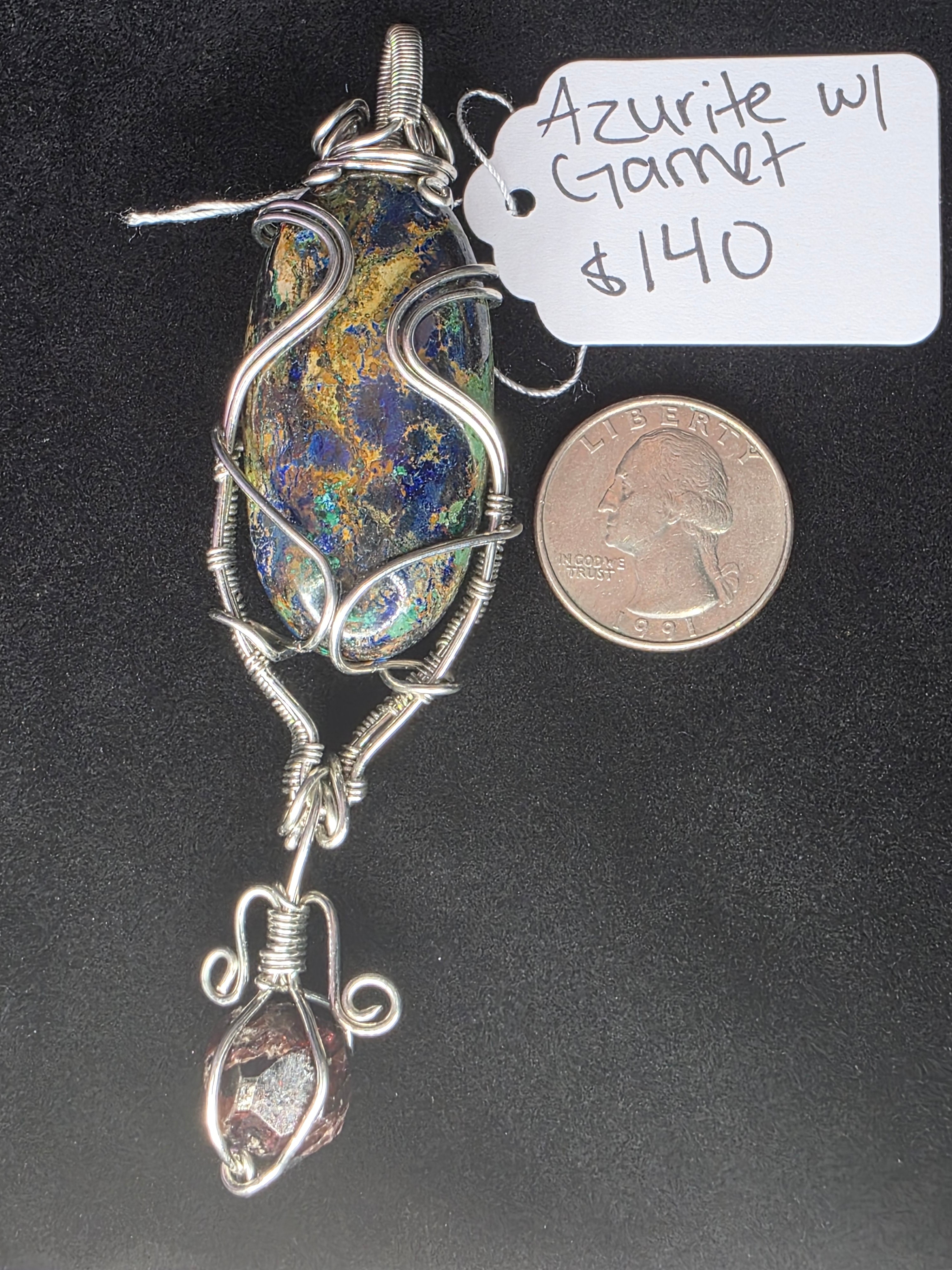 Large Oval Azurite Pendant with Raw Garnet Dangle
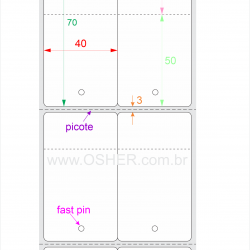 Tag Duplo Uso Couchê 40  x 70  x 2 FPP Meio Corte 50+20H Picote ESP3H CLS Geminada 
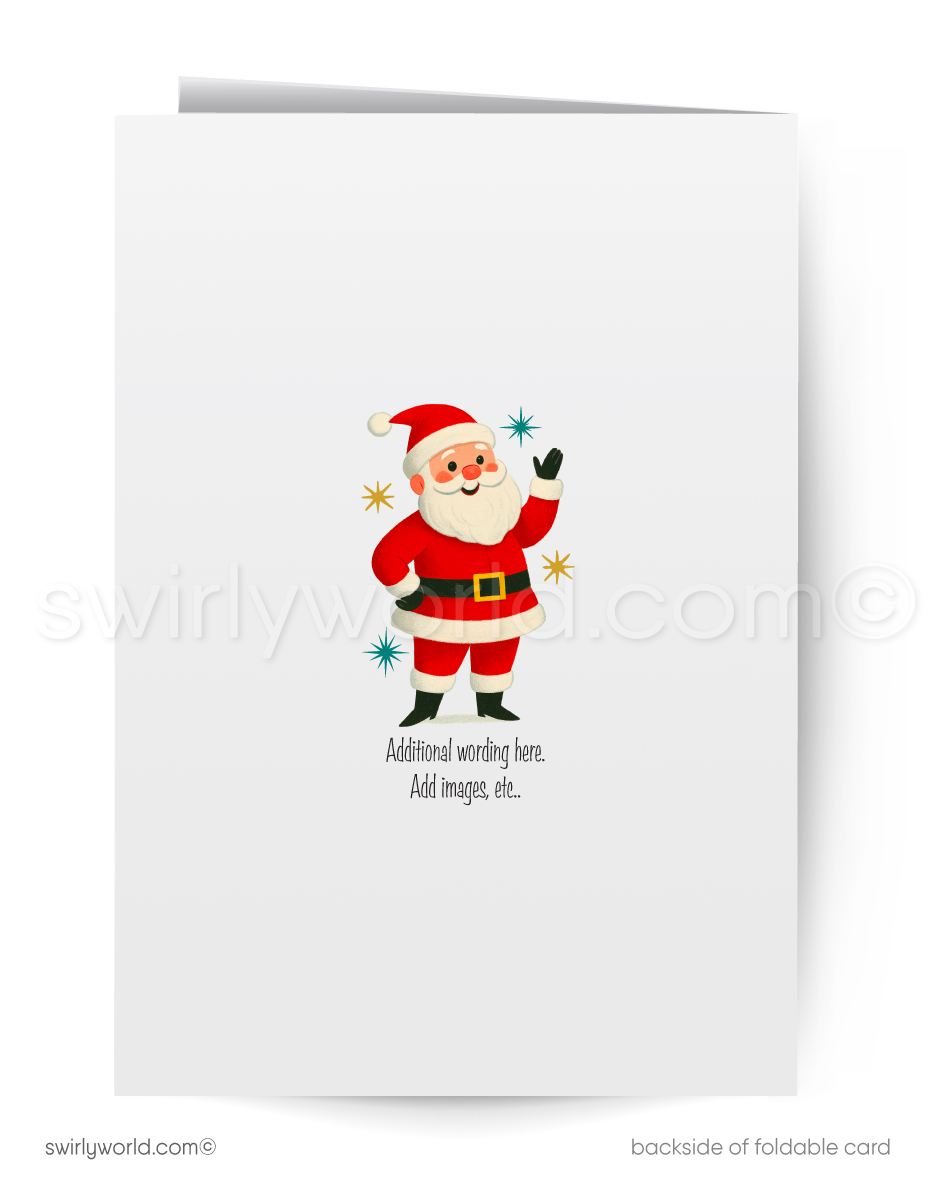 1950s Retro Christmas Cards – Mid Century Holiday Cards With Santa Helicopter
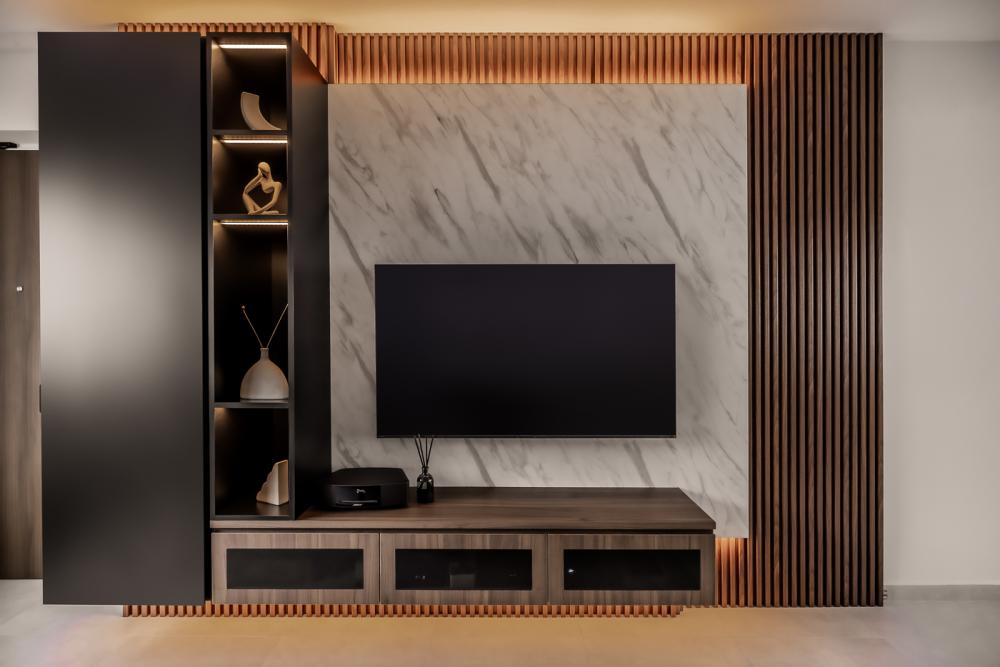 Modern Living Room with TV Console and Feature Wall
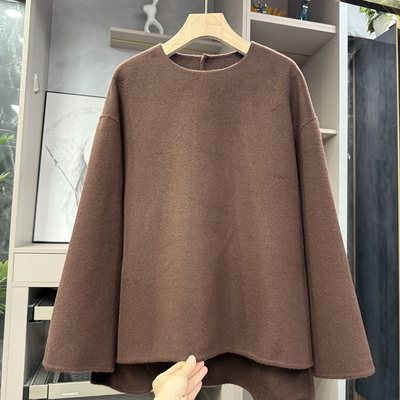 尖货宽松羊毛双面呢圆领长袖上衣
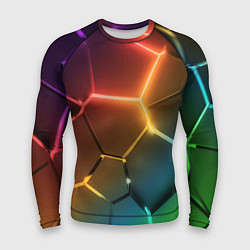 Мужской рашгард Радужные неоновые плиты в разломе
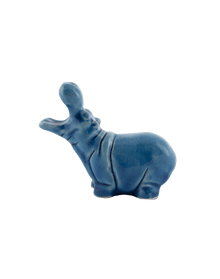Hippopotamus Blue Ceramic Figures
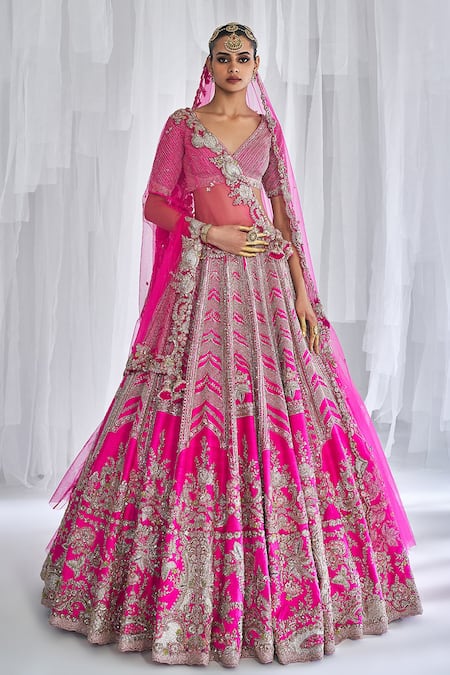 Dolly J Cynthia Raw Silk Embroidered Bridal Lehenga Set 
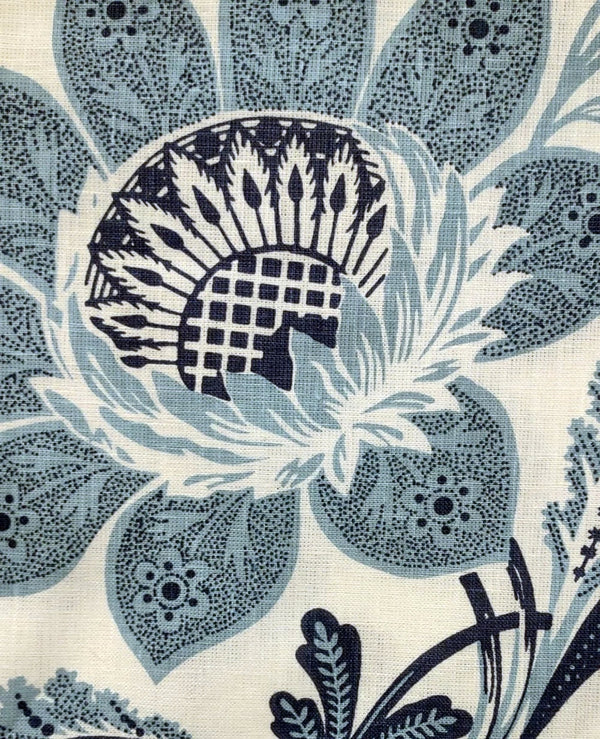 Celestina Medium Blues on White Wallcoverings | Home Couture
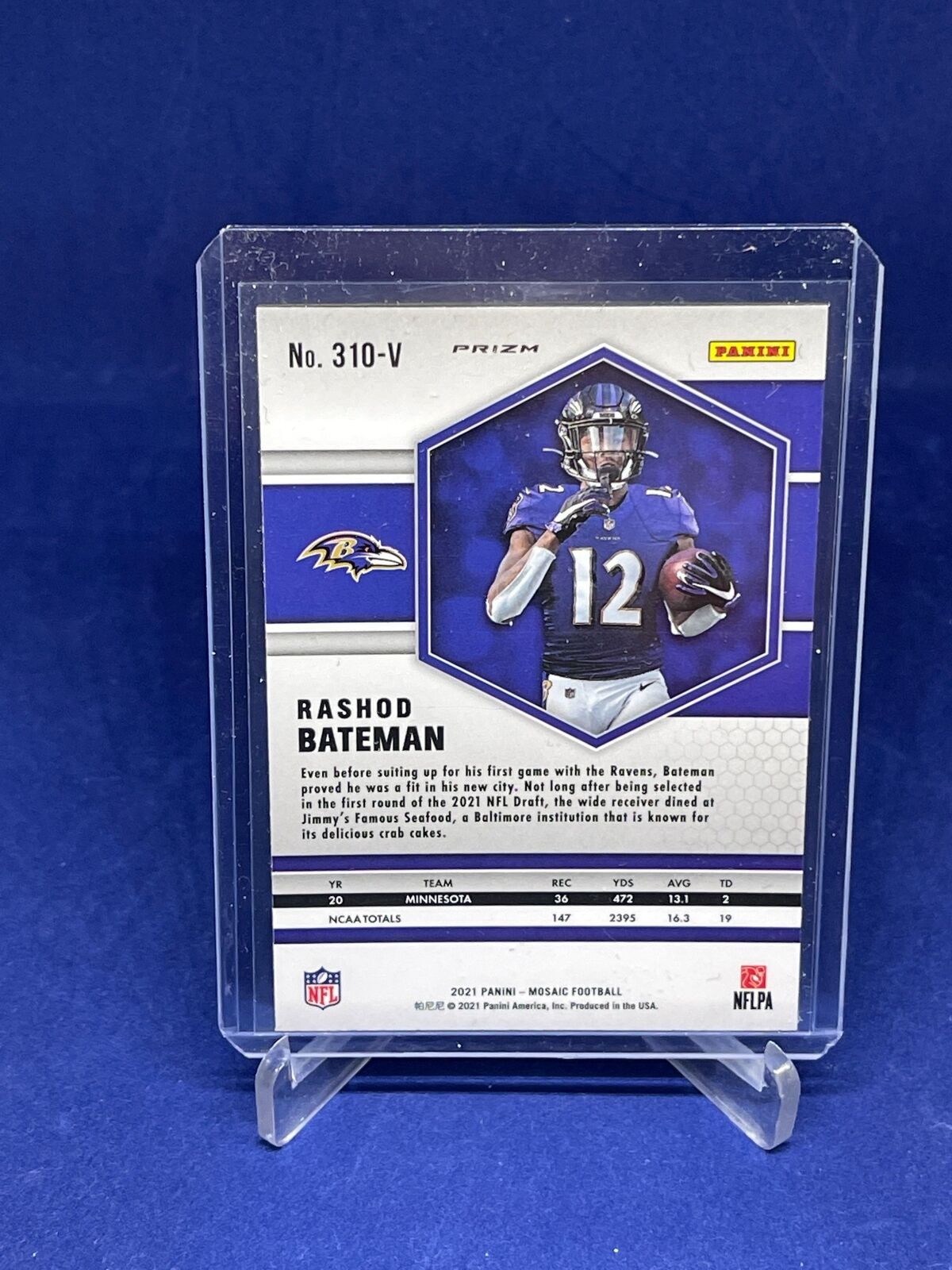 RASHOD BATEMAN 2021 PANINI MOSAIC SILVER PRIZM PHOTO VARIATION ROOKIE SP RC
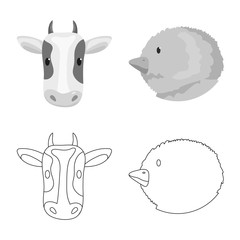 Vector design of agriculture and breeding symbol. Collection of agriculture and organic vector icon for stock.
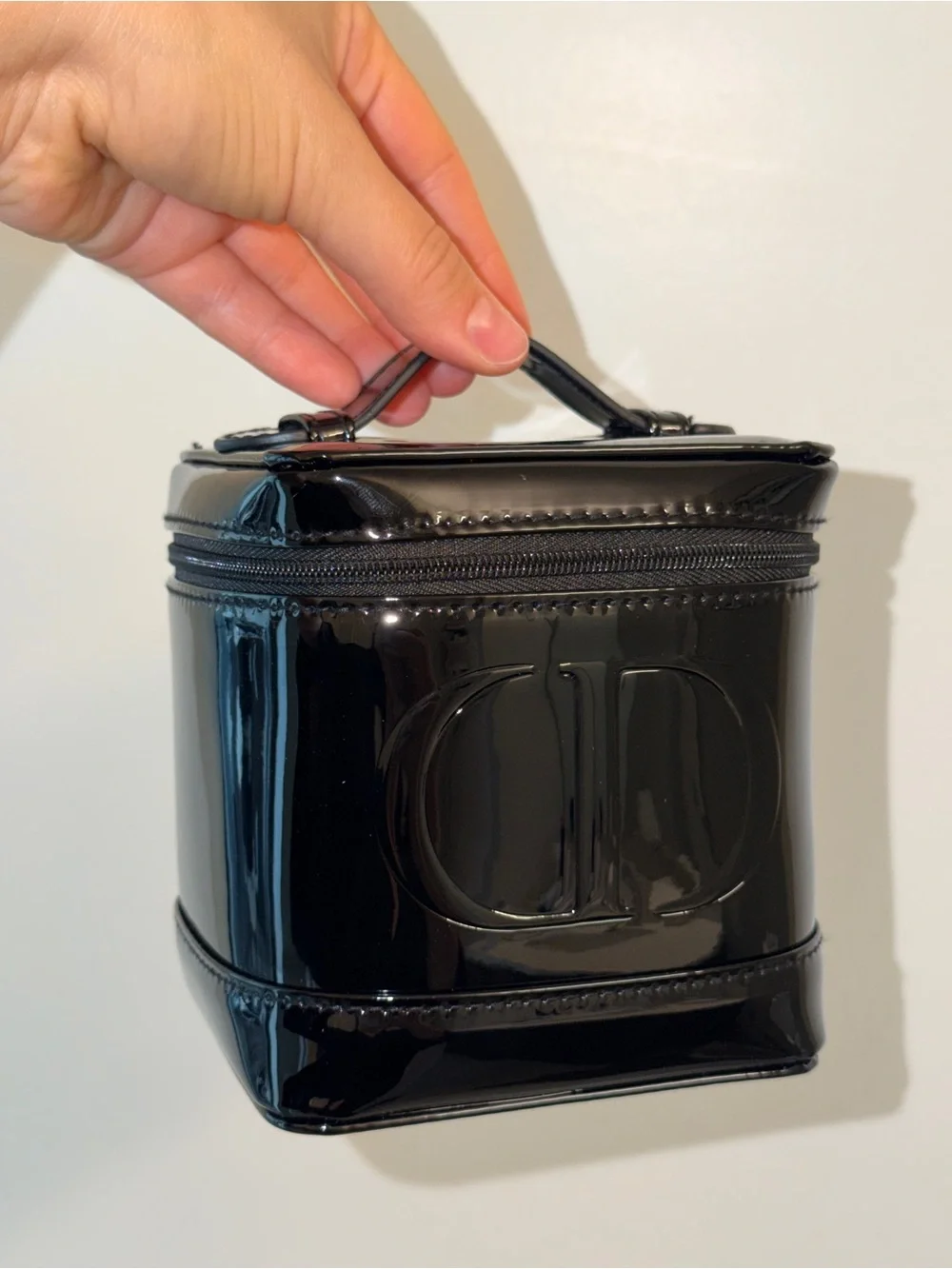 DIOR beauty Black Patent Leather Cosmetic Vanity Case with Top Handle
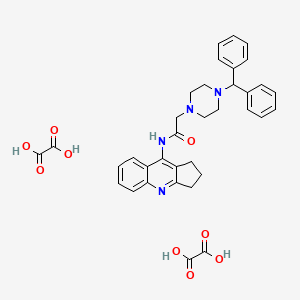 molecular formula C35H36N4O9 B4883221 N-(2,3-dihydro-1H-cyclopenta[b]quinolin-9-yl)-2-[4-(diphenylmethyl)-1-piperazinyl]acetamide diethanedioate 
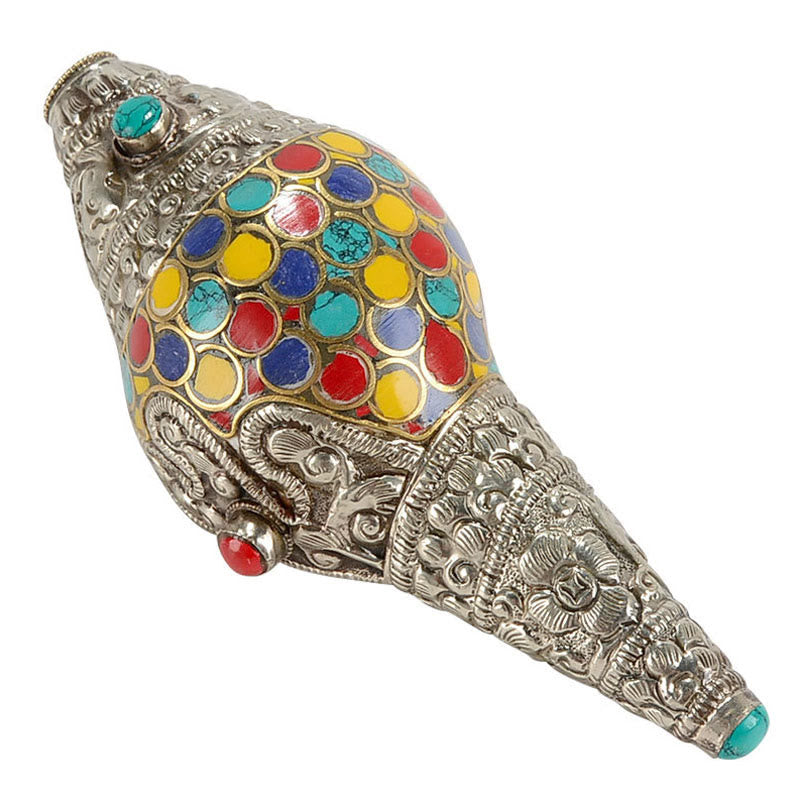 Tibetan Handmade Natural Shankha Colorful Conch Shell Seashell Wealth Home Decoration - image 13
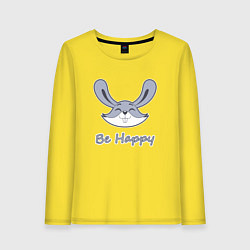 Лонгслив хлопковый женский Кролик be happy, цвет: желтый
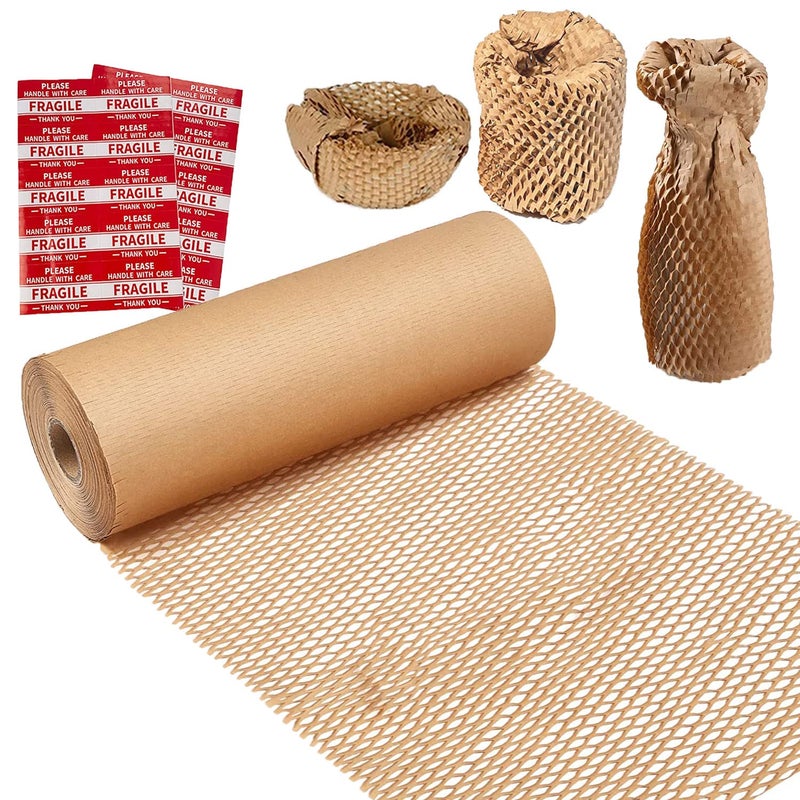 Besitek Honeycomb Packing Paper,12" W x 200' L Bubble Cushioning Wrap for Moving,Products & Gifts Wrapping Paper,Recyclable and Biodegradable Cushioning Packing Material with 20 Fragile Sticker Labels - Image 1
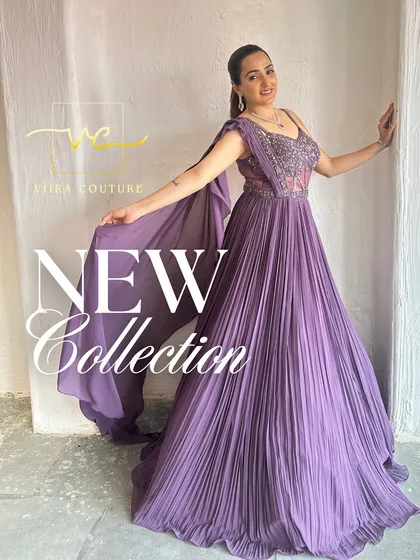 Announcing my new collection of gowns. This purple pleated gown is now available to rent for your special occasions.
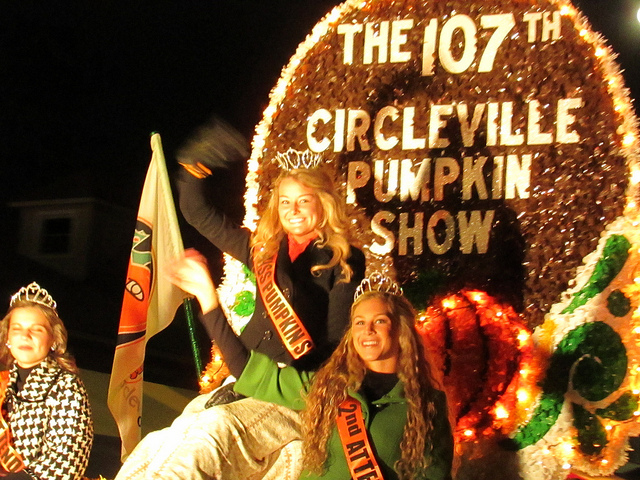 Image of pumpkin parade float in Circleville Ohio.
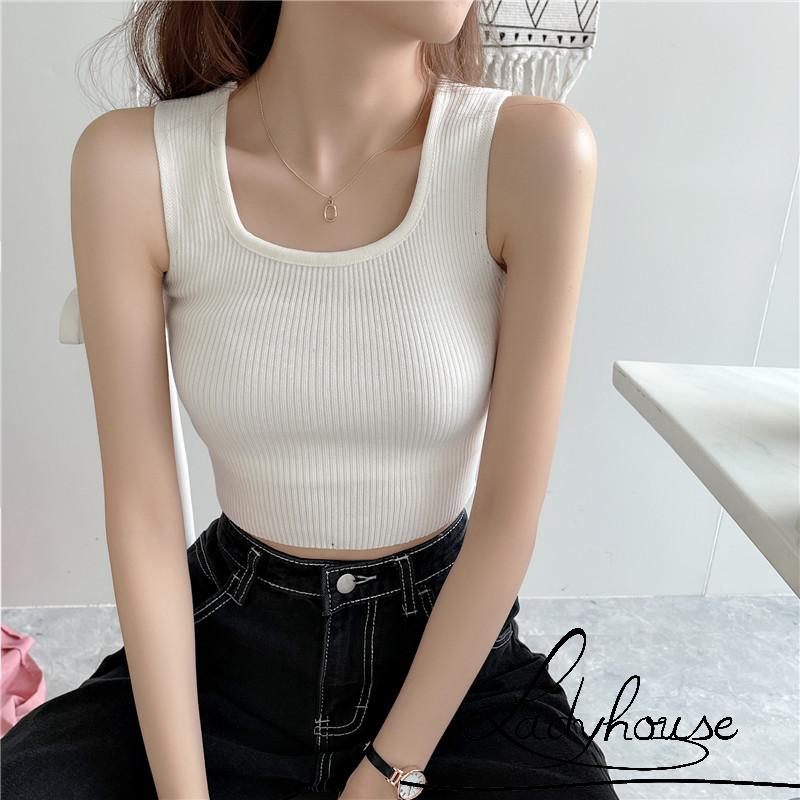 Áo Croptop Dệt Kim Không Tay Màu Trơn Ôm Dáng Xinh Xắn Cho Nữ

Problem details: What is needed is a word-for-word copy of the lines from the one containing "Hippopotamus Blue Ceramic Figures" through the final line of the records above, both included, with the pictures left out.

Response area:
Hippopotamus Blue Ceramic Figures
 Dolly J Cynthia Raw Silk Embroidered Bridal Lehenga Set 
 Celestina Medium Blues on White Wallcoverings | Home Couture
 RASHOD BATEMAN 2021 PANINI MOSAIC SILVER PRIZM PHOTO VARIATION ROOKIE SP RC
 Vector design of agriculture and breeding symbol. Collection of agriculture and organic vector icon for stock.
 DIOR beauty Black Patent Leather Cosmetic Vanity Case with Top Handle
 molecular formula C35H36N4O9 B4883221 N-(2,3-dihydro-1H-cyclopenta[b]quinolin-9-yl)-2-[4-(diphenylmethyl)-1-piperazinyl]acetamide diethanedioate 
 Tibetan Handmade Natural Shankha Colorful Conch Shell Seashell Wealth Home Decoration - image 13
 Лонгслив хлопковый женский Кролик be happy, цвет: желтый
 Besitek Honeycomb Packing Paper,12" W x 200' L Bubble Cushioning Wrap for Moving,Products & Gifts Wrapping Paper,Recyclable and Biodegradable Cushioning Packing Material with 20 Fragile Sticker Labels - Image 1
 Announcing my new collection of gowns. This purple pleated gown is now available to rent for your special occasions.
 Image of pumpkin parade float in Circleville Ohio.
 Áo Croptop Dệt Kim Không Tay Màu Trơn Ôm Dáng Xinh Xắn Cho Nữ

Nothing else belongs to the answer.